The entries below are to be copied exactly, with every picture left out.
####
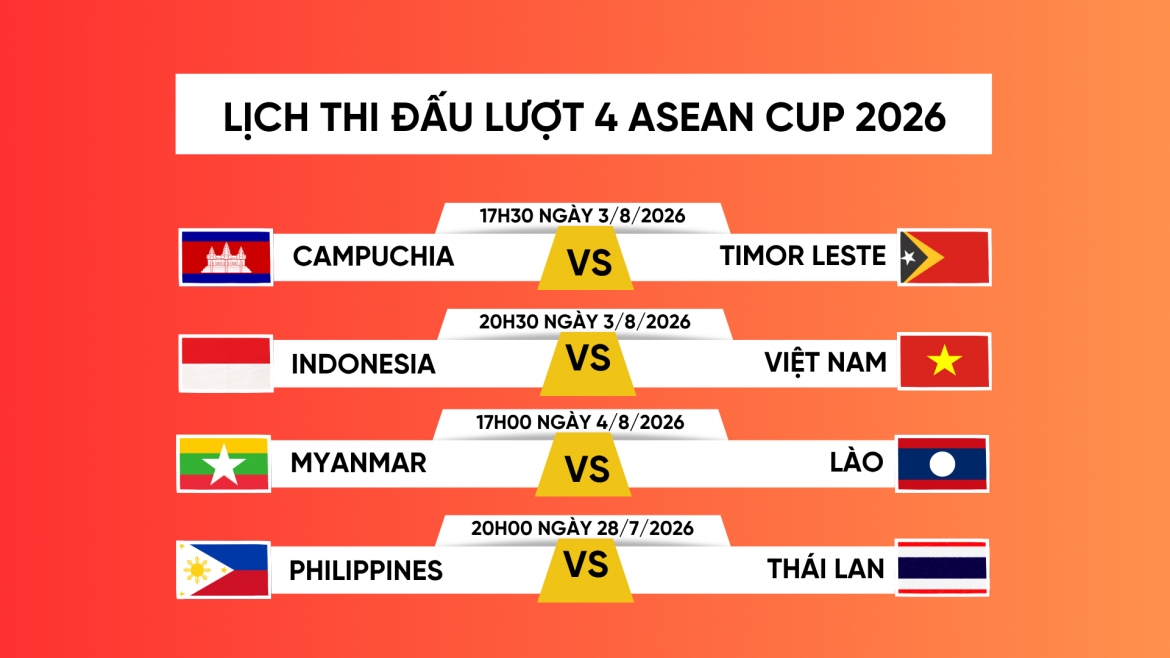 Lịch thi đấu ASEAN Cup 2026 lượt trận 4 mới nhất: Việt Nam gặp Indonesia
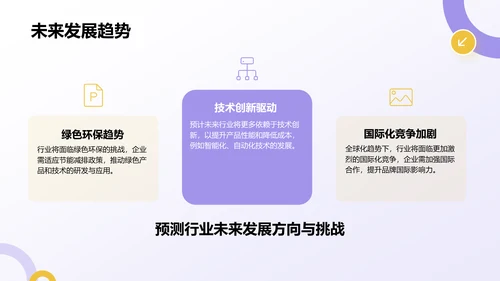 紫色扁平风通用行业产品发布会PPT模板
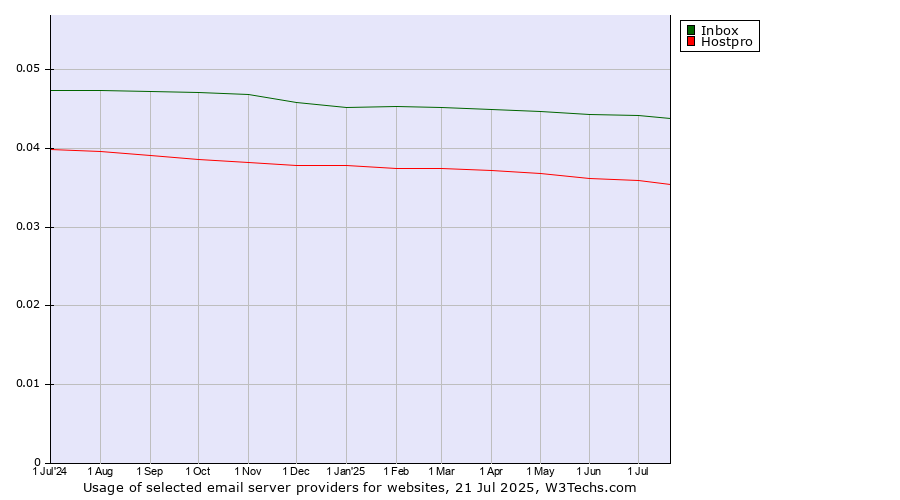 Historical trends in the usage of Inbox vs. Hostpro
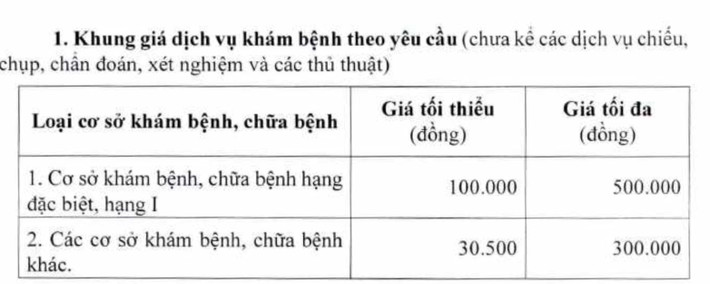 Hôm nay, chính thức áp dụng giá giường bệnh mới từ 150.000 - 4.000.000 đồng/ngày ảnh 1 Hôm nay, chính thức áp dụng giá giường bệnh mới từ 150.000 - 4.000.000 đồng/ngày -0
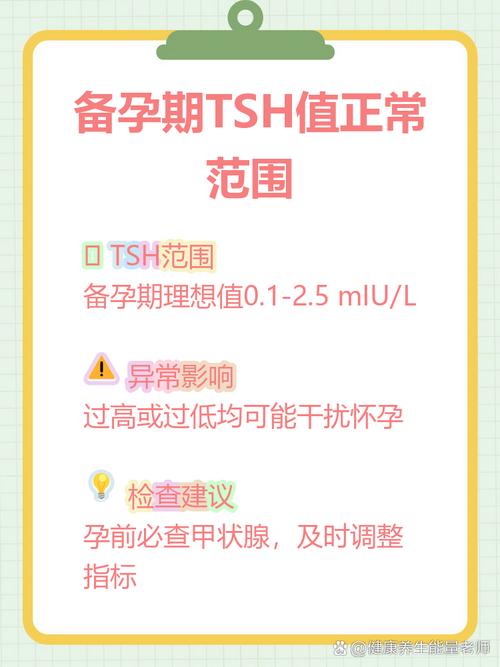 备孕时TSH控制在多少合适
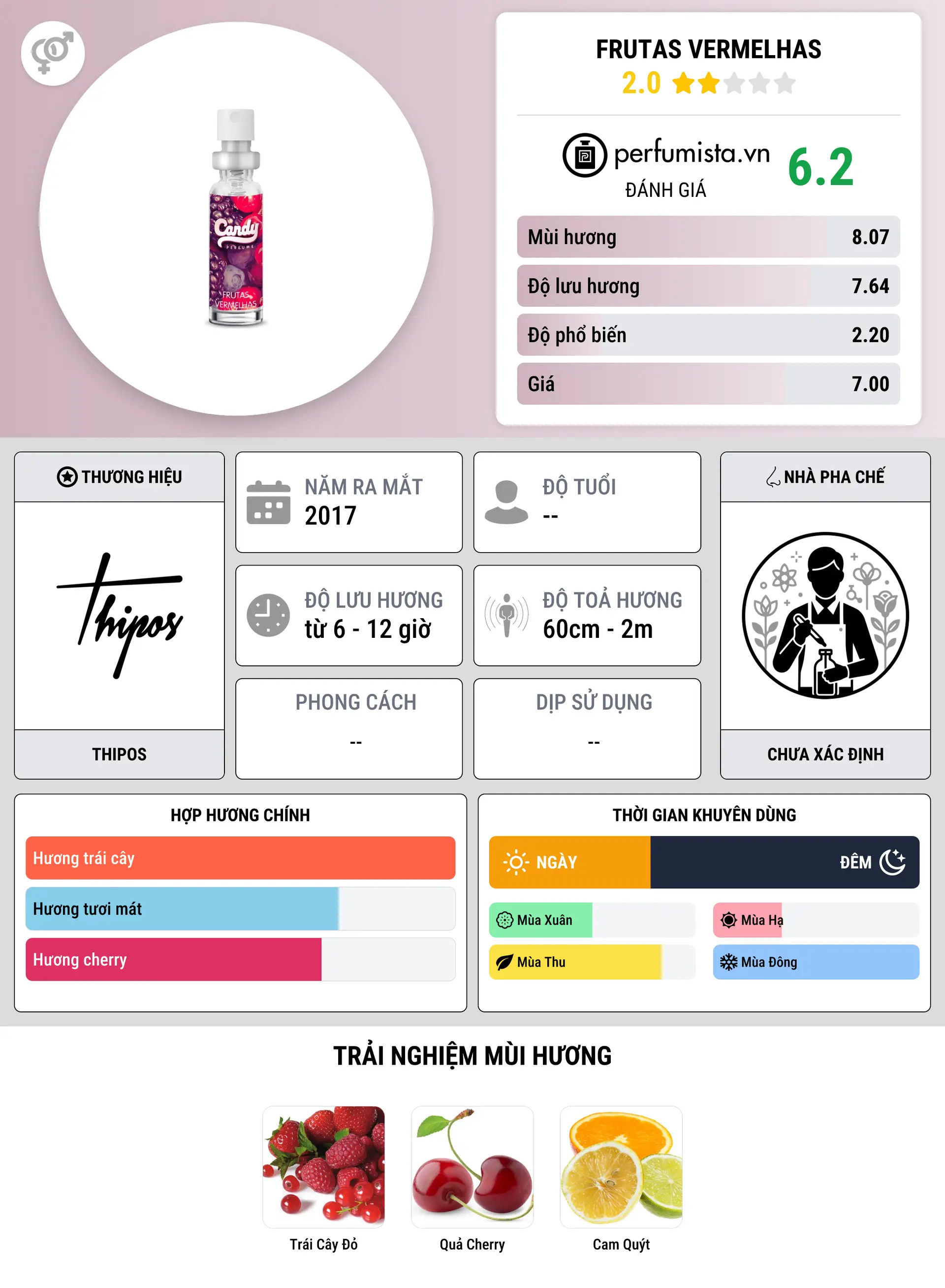 Thông tin chi tiết Frutas Vermelhas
####
■ Answer box ■
 Lịch thi đấu ASEAN Cup 2026 lượt trận 4 mới nhất: Việt Nam gặp Indonesia
 紫色扁平风通用行业产品发布会PPT模板
 Historical trends in the usage of Inbox vs. Hostpro
 Hôm nay, chính thức áp dụng giá giường bệnh mới từ 150.000 - 4.000.000 đồng/ngày ảnh 1 Hôm nay, chính thức áp dụng giá giường bệnh mới từ 150.000 - 4.000.000 đồng/ngày -0
 备孕时TSH控制在多少合适
 Thông tin chi tiết Frutas Vermelhas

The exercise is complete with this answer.